Рост национализма. Уход от универсализма, ставшего было аксиомой. Фрагментация мировой экономики, подхлестываемая растущей ответственностью, а с ней и аппетитами государства. Наконец, обострение конкуренции больших стран, а в случае США и КНР переход ее в непримиримую конфронтацию, которой теперь пытаются придать даже идеологическую оболочку холодной войны (не случайно в Вашингтоне неустанно подчеркивают, что Китаем правит коммунистическая партия). И вопрос уже не в направлении движения мира, а в том, как далеко все зайдут, по нему следуя.

Итак, пандемия не стала переломным моментом, но подчеркнула то, что проявилось, наверное, как минимум около десятилетия назад. Если немного утрировать произошедший сдвиг, у глобальных проблем исчезли глобальные решения. Точнее, в глобальные решения перестали всерьез верить.

Эпоха либеральной глобализации в конце прошлого — начале этого столетия основывалась на предположении, что суверенное государство как институт будет со временем терять свою ключевую роль в международных отношениях и глобальной политике. По мере стирания экономических границ, а оно реально происходило, снижались возможности государств управлять происходящим даже на их собственной территории. Не говоря уже о процессах действительно всеобщих, наподобие экологических и климатических изменений. Поэтому логично было ожидать, что управление будет становиться все более наднациональным, глобализированным, и с того этажа высшей власти начнут поступать указания, что и как делать на местах.

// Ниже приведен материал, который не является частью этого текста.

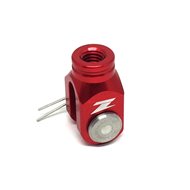 DISTANCIADOR DE PEDAL DE FREIO TRASEIRO ZETA COR VERMELHA KAWASAKI KFX450R (ATV) 08-10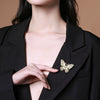 Wholesale Alloy Pearl Butterfly Flower Brooch For Women With Electroplating Design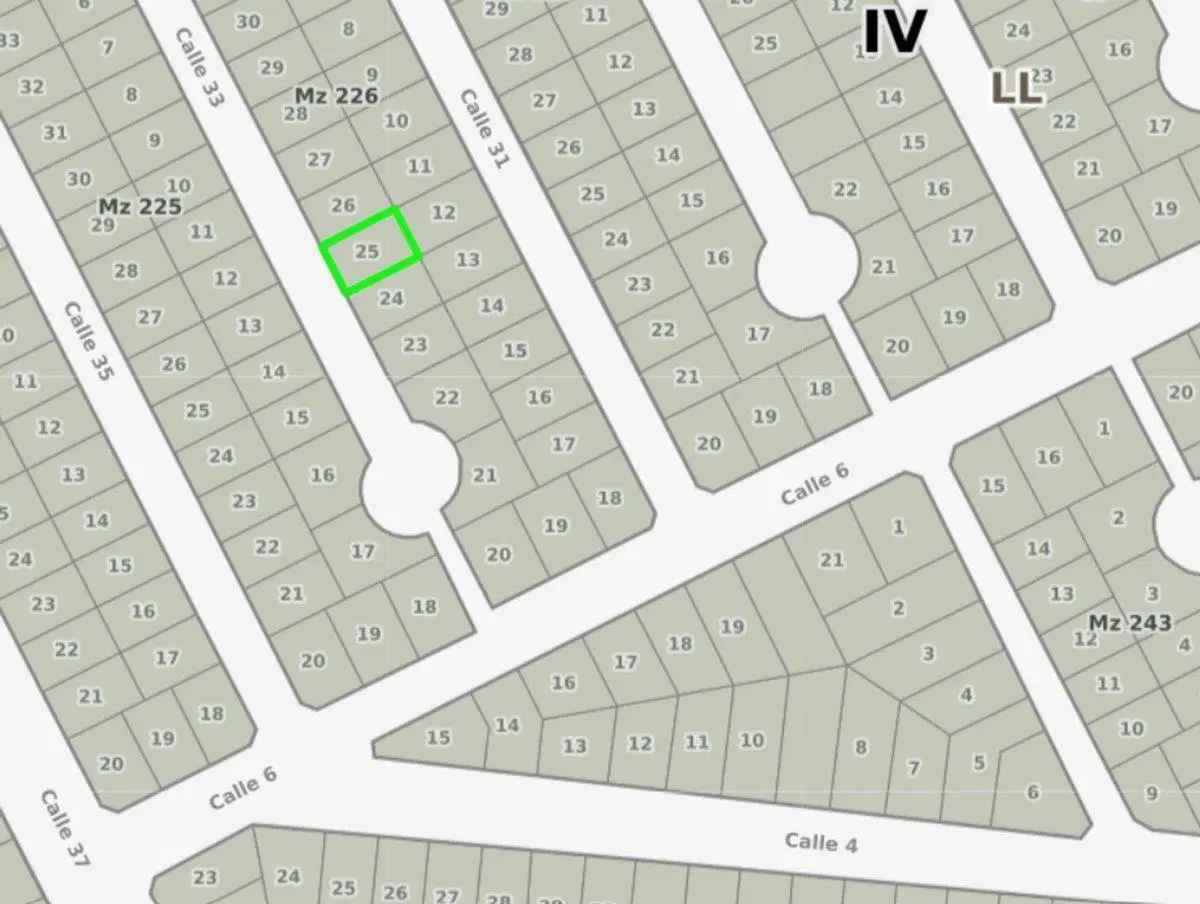 VENTA LOTE 375 MT. TRES CUADRAS DEL MAR,MARQUESADO 3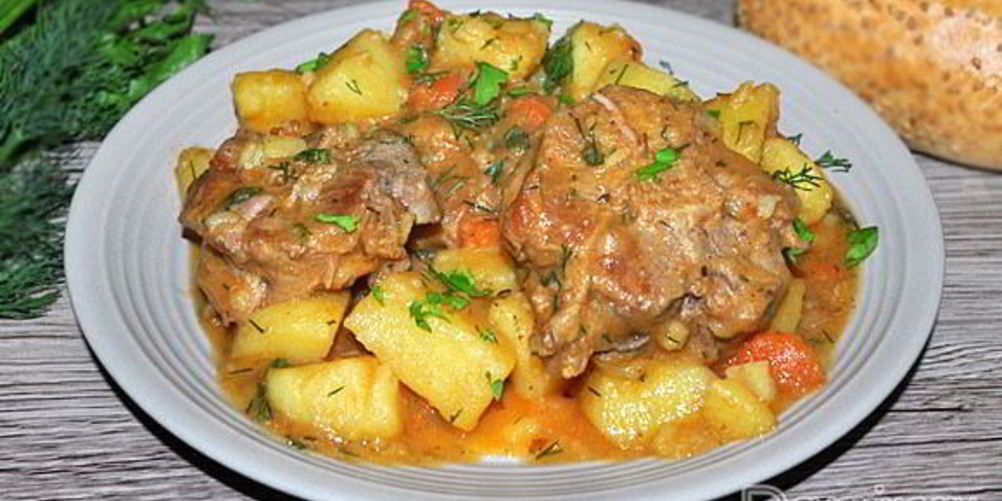 Рецепт жаркого из телячьих хвостов с картофелем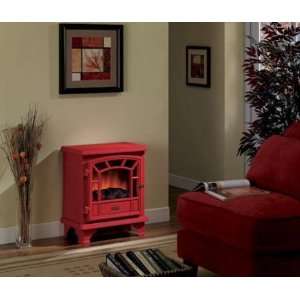 Duraflame Red Electric Stove   4600 BTU, 1350 Watts, Model# DFS 550RED 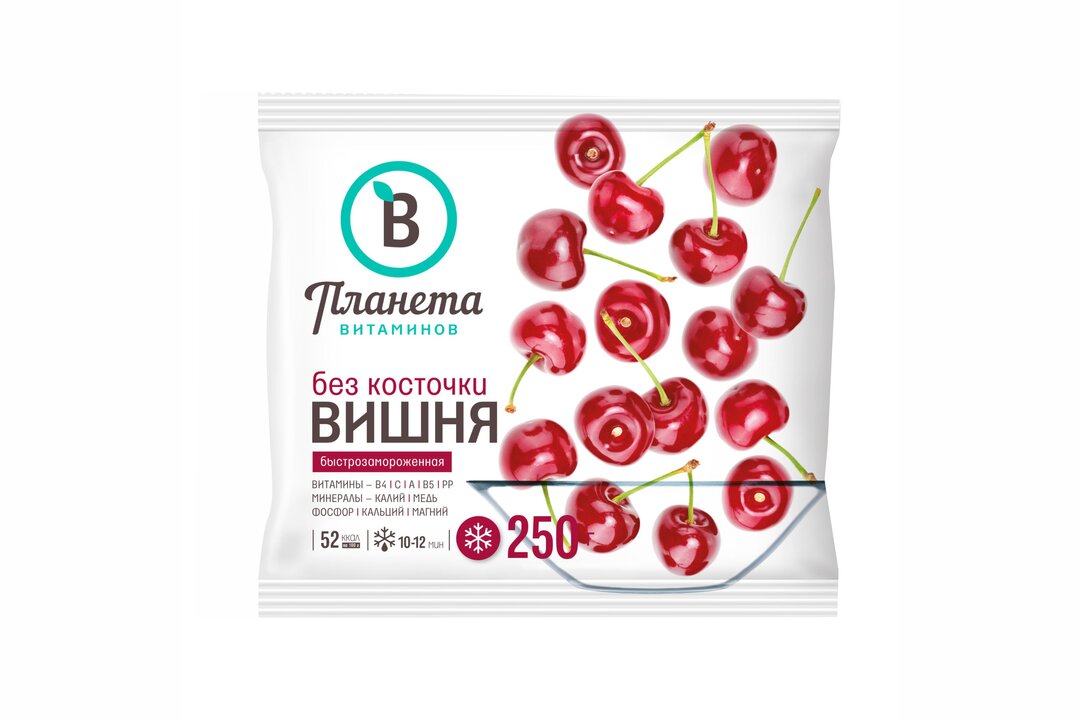 

Вишня Планета Витаминов без косточки замороженная, 250 г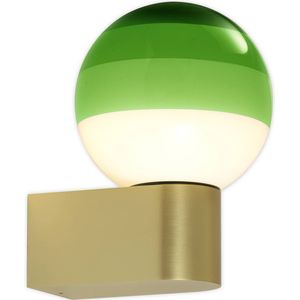 MARSET Dipping Light A1 LED wandlamp, groen/goud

Но глобализация не смогла создать полноценных институтов глобального управления. Уже в 2000-е годы в функционировании мировой системы один сбой пошел за другим. Они происходили в политике, экономике, культурной коммуникации, но демонстрировали общую тенденцию: не удалось унифицировать не только интересы, но, прежде всего, представления людей о том, что нужно делать.

На выходе — окончательный отказ от иллюзии о том, что государство теряет значение. В подлинно форс-мажорной ситуации оказалось, что кроме как к нему обращаться не к кому. Несомненно и другое — государство крайне уязвимо и как никогда нуждается в сотрудничестве на мировой арене, чтобы обеспечивать свои интересы, не защищаемые в одиночку. У него (причем любого, даже самого мощного) просто не хватает сил для того, чтобы в полной мере ответить на многочисленные вызовы. Отсюда, несмотря на разобщение и кризис институтов, новый спрос на многостороннее взаимодействие — как противовес тенденции к торжеству эгоизма наиболее мощных держав и стремление обуздать меркантилистские инстинкты. А они нарастают по мере распада ткани международных связей, возникших во второй половине ХХ века. Попытка глобальной эпохи вывести международные контакты на качественно новый наднациональный уровень не только не сработала сама, но и расшатала многие важные устои прежней мировой системы. Той, что вполне успешно функционировала в холодную войну.

Государства недостаточно готовы к потрясениям. Однако у них, по крайней мере, есть понятный набор задач, и вопрос — в оценке рисков и совершенствовании механизмов решения. А вот на уровне межгосударственного взаимодействия — будь то региональные организации или международные институты — утратился базовый принцип: как именно организовать сотрудничество.

В этом и состоит международно-политическое содержание наступающего времени (назовем его условно постпандемическим): как укреплять и развивать государства, не покушаясь на их суверенные и уникальные прерогативы, при этом обеспечивать максимальный масштаб многостороннего сотрудничества. Многосторонность не может подчиняться догме, и она неравноценна жестким альянсам (пример — НАТО) или раз и навсегда утвержденным институтам (интеграционные структуры). Она подразумевает самые разнообразные формы от временных конфигураций любого состава по решению конкретных проблем до региональных или трансрегиональных институтов постоянного действия. Но именно создание гибких форм взаимодействия государств и есть главная задача на будущее в противоречивом мире — очень связанном, целостном, но не едином.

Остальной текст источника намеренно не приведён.